Selia considers a few moments, takes another slurp of her coffee, and flicks her fingers, sending a copper arching towards Xasany's bowl. For half awake, she's a rather good aim. "Ain't sure yet 'bout da frogs, but iffen is a duel ya want, reckon can deliver." Her accent nearly drips with Low Charn, with more than a little mix of assorted smatterings of other languages.
"The only man's job here is to escape alive." Soup remarks with a grin. He watches the arc of the tossed coin and gives a low whistle. Then reaches over and plucks up his lute, struming it once. "Oh, across many tables the pair did glare, one gnomish woman with green shiney hair.
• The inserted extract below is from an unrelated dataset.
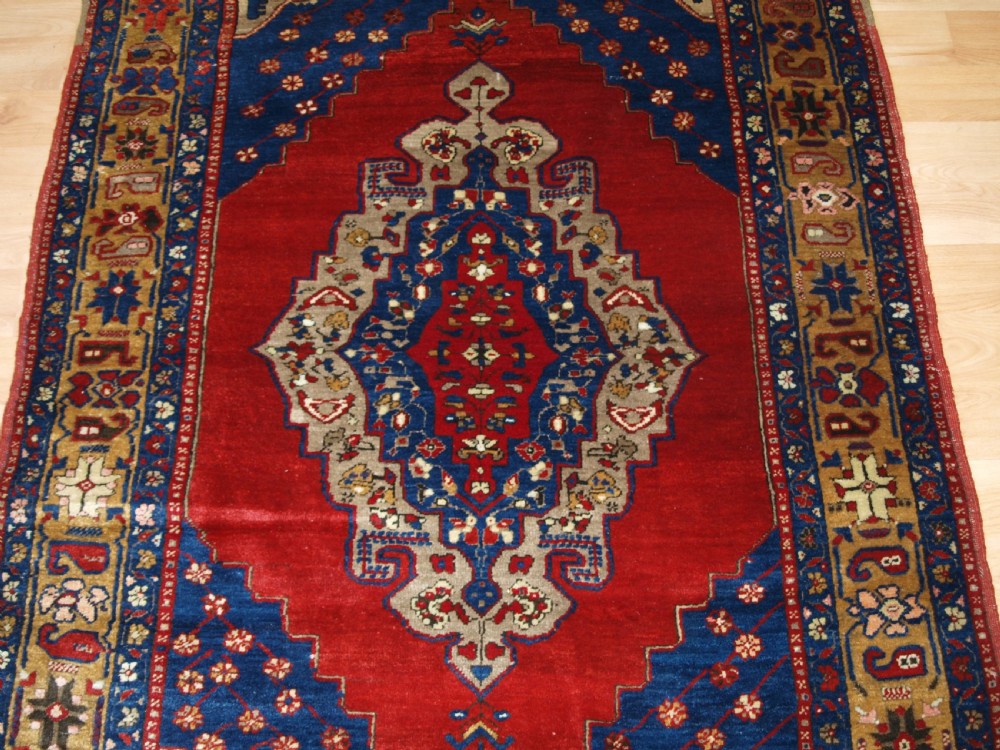 ANTIQUE TURKISH TASPINAR VILLAGE RUG, OUTSTANDING EXAMPLE IN SUPERB CONDITION, CIRCA 1900. View V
Across from her, all daggers and dance, a halfling with an throwing hand as fast as a lance." He chuckles and pats on the lute as if playing a drum. "Hidely-Hey-Hidely-Ho, in the Fenwood there was going to be a show. Hidely-Hey-Hidely-Ho."
Xasany's eyes follow the coin in its arc, and a long, thin finger nudges her bowl enough. The copper bounces off the table and skitters off onto the floor. Likely more than one person goes for it, and there's momentary chaos. She eyes the halfling. "You do sound..." The Gnomish woman pauses, her mouth open as she turns to glare at the lute-drumming Soup. "Hey. We're tryin' to talk here. And what happened to the daring do, hmm? You don't mention hitting the floor and making for the door... in any of your songs so for..." Sorry, it rhymed!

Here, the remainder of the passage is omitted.